Antes, la Panamericana era una asquerosidad. Hace unos pocos años, un gran empresario reorganizó y modernizó esa asquerosidad.
Antes, nada avanzaba, porque todo era gratis. Ahora usted va y paga peaje al futuro.
Todo muy lindo.
Pero se ha perdido el espíritu.
Antes de la privatización, todo argentino perjudicado por la crisis (me refiero a la crisis permanente y no a una de las miles de crisis en particular) podía salir de ella haciendo negocios en la Panamericana.
Por ejemplo: ¿usted quería vender su viejo auto pagando una comisión insignificante? Al borde de la Panamericana funcionaba un extraordinario mercado gitano no autorizado, no oficial, no legal y completamente clandestino en el que vendían sus autos viejos hasta los jueces de la Nación.
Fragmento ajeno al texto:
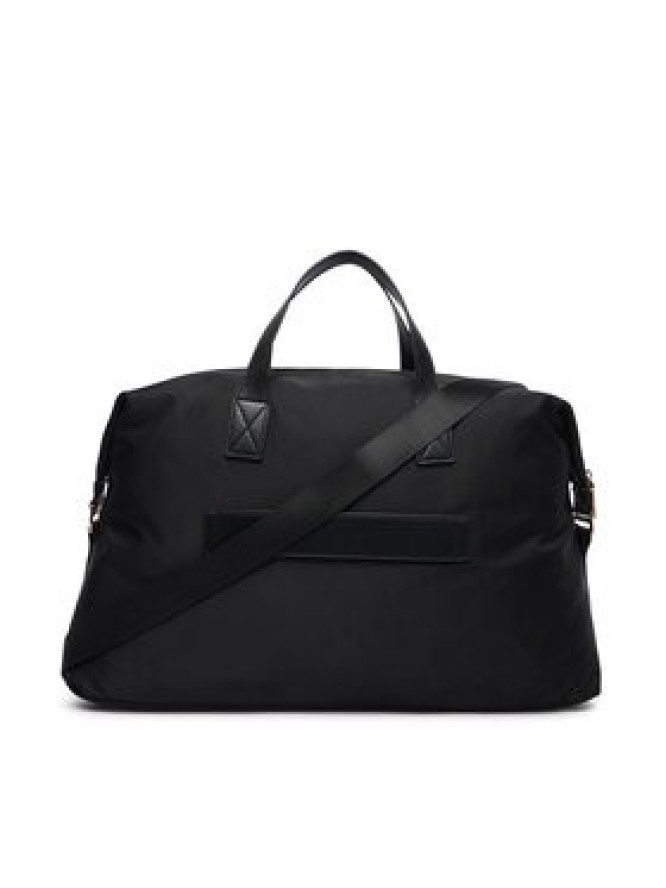 Guess Torebka Follie TWNN96 76903 Czarny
¿Usted necesitaba carbón o leña para el asado, ó mangueras para regar el césped de su casa del country? Al borde de la Panamericana se conseguía todo eso, y si la compra incluía, además, zapatillas para los chicos, había un descuento del 15%.
Por una de esas casualidades, ¿no necesitaba un hacha? Ya sé que no es una necesidad frecuente, pero les juro que en el kilómetro 16 y medio, sobre el costado derecho, había un señor con una camioneta Willys '47 toda podrida, llena de hachas de simple y doble filo.
¿Su señora quería comprar frutillas para el postre y usted moría por ir a pescar al riacho del kilómetro 47? Cuatro kilómetros antes de ahí, había un cartel que, con una ortografía atroz, ofrecía "lumbris y frutilla".
Espero que ningún cliente de ese puesto haya cometido jamás equivocaciones entre su hobby y su postre.
La Panamericana era interminable. Al atardecer, bandadas de jóvenes se dedicaban a colgar gruesas tuercas de finísimos hilos de nylon en los puentes, así cuando usted paraba porque su parabrisas acababa de explotar, lo podían asaltar sin mayor violencia que la estrictamente necesaria.
Parrillas instaladas a medio metro de donde pasaban camiones a 150 km. por hora y en donde la intoxicación que podía agarrarse con chorizos era tan grande que cuando subía de vuelta a su auto, no tenía ni tiempo a poner primera, que ya estaba definitivamente muerto.
Barriletes que se exhibían volando justo frente a la cabecera de la pista de aterrizaje del aeródromo de Don Torcuato y cuando los aviones cruzaban la Panamericana para aterrizar, embestían los barriletes y causaban unos accidentes maravillosos.
¿Quería arreglar el lavarropas? ¡La Panamericana! ¿Quería conseguir una sirvienta paraguaya? ¡La Panamericana! ¿Quería enganchar un travesti? ¡La Panamericana! ¿Quería comprar canarios, loritos, perritos, gatitos, hamsters, cabritos, burros...? ¡La Panamericana! Y lo mejor de todo: ¿quería matarse, suicidarse y reventarse? ¡La Panamericana!
Putamadre. Lástima que la privatizaron.